Ziad Shihab

Science in Glass: Material Pathologies in Laboratory Research, Glassware Standardization, and the (Un)Natural History of a Modern Material, 1900s–1930s | Isis: Vol 113, No 2


Science in Glass: Material Pathologies in Laboratory Research, Glassware Standardization, and the (Un)Natural History of a Modern Material, 1900s–1930s

Science in Glass: Material Pathologies in Laboratory Research, Glassware Standardization, and the (Un)Natural History of a Modern Material, 1900s–1930s

Abstract

At the turn of the twentieth century, so-called "glass diseases" seriously affected the use of scientific and technical glassware.
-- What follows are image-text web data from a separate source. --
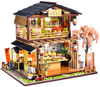 Sushi House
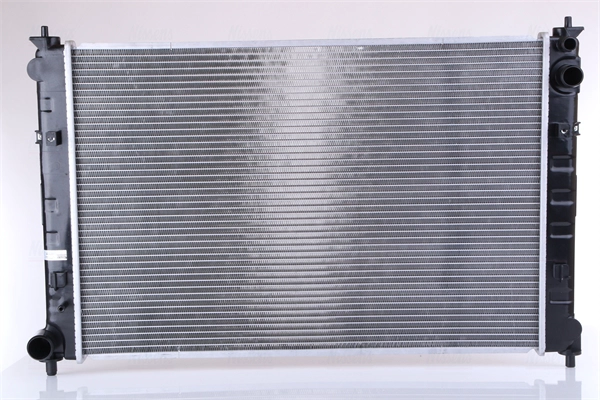Радиатор охлаждения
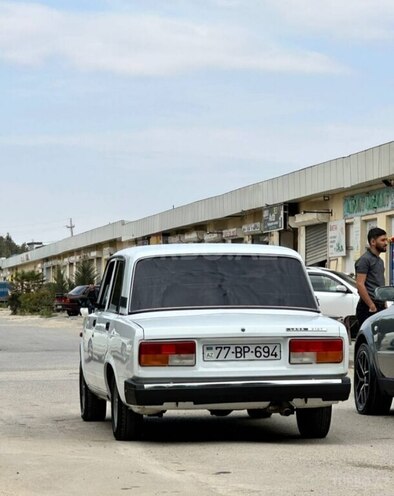 LADA (VAZ) 2107 2004, 39,000 km - 1.6 л - Şirvan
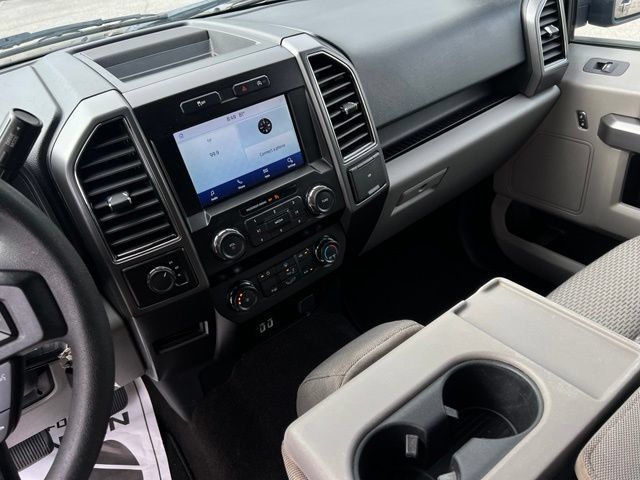 Used 2020 Ford F150 XLT w/ Equipment Group 301A Mid AWD/4WD image 35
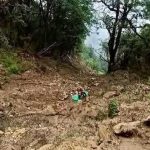 रोल्पाको जलजलामा भीषण जीप दुर्घटनाः १७ जनाको ज्यान गयो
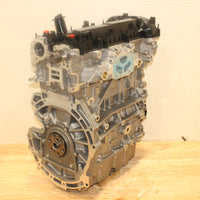 Remanufactured 2017–2019 Ford Escape 2.0L CAF 488WQ5 Turbo Engine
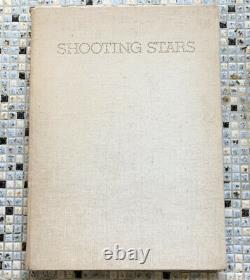 RARE Annie Leibovitz Shooting Stars Rolling Stone HC 1973 Grateful Dead Beatles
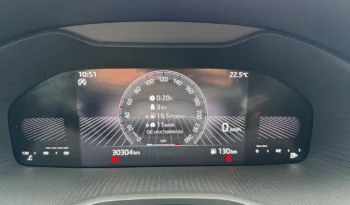 Skoda Karoq 1.5 TSI ACT Ambition full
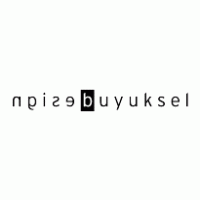 Buyuksel Design logo vector logo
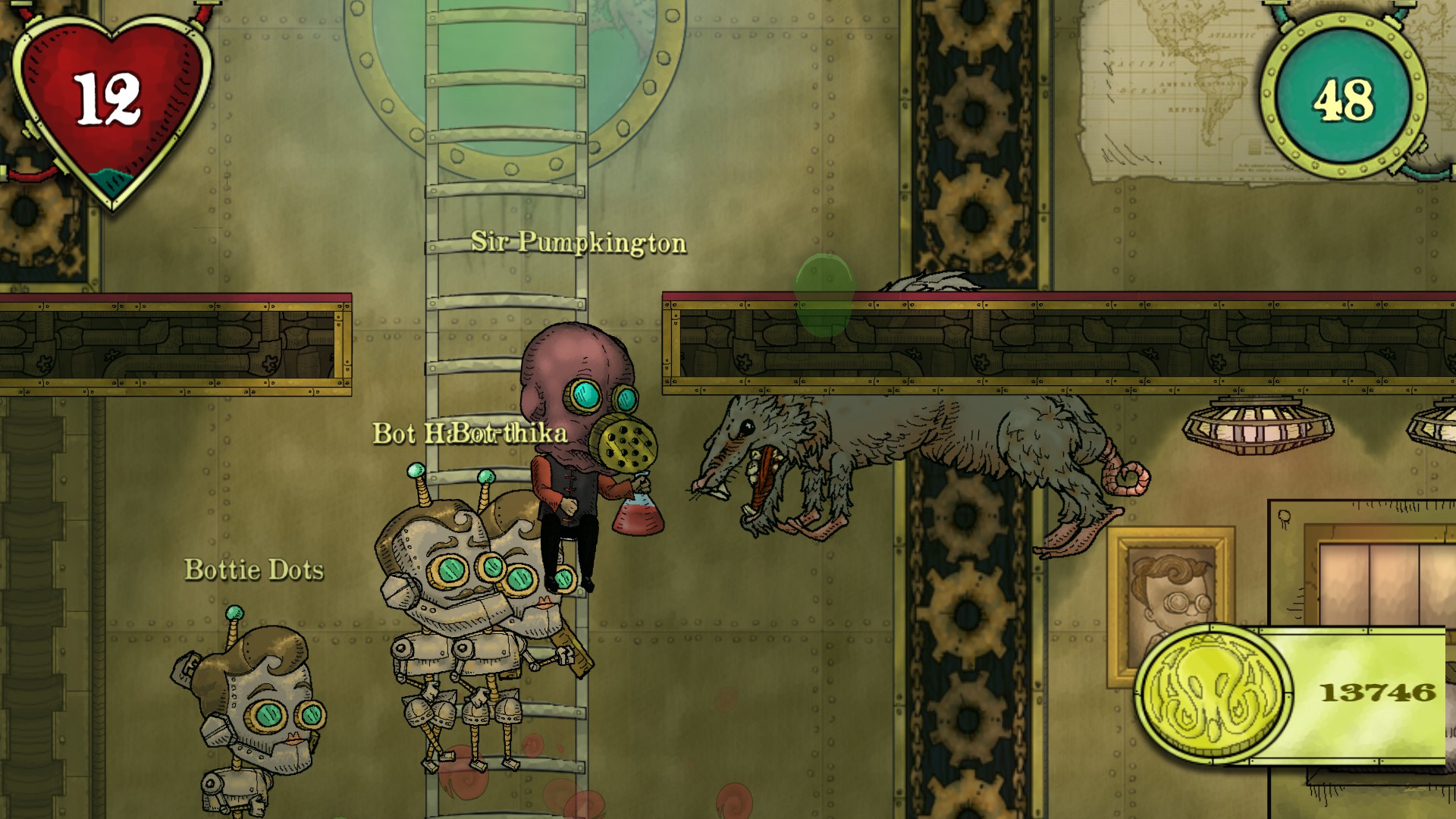 Steam Community We Need to Go Deeper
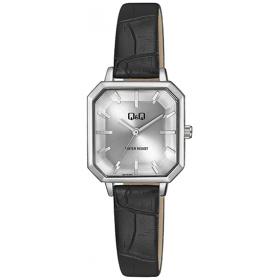 Дамски аналогов часовник Q&Q - QZ73J301Y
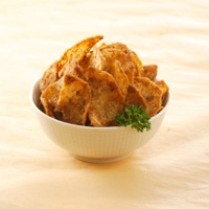 Cara membuat Kering Kentang Abon Pedas - Resep Masakan Rumahan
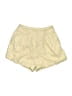 Olivaceous Gold Khaki Shorts Size S - photo 1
It had become apparent by 1900 that glass, a supposedly neutral and inert material, not only interacted with its environment but also interfered with anything it contained—chemically, physically, and biologically. Starting from the assumption that modern laboratory research depends on containers that regulate the spatial, material, and epistemic enclosure of its experimental milieus and objects, this essay argues that the standardization of glass quality from the 1900s to the 1930s must be understood as a reconfiguration of a "marginal" but nonetheless constitutive element of modern laboratory environments. The aim here is thus to weave various threads together into an (un)natural history of a modern material, one that considers epistemology, technology, and ontology—or, more specifically, the changing requirements and functions of glassware in the modern laboratory, the invention of specifically adapted glass substances, and the parallel advancement of glass science and its theories of what glass actually is.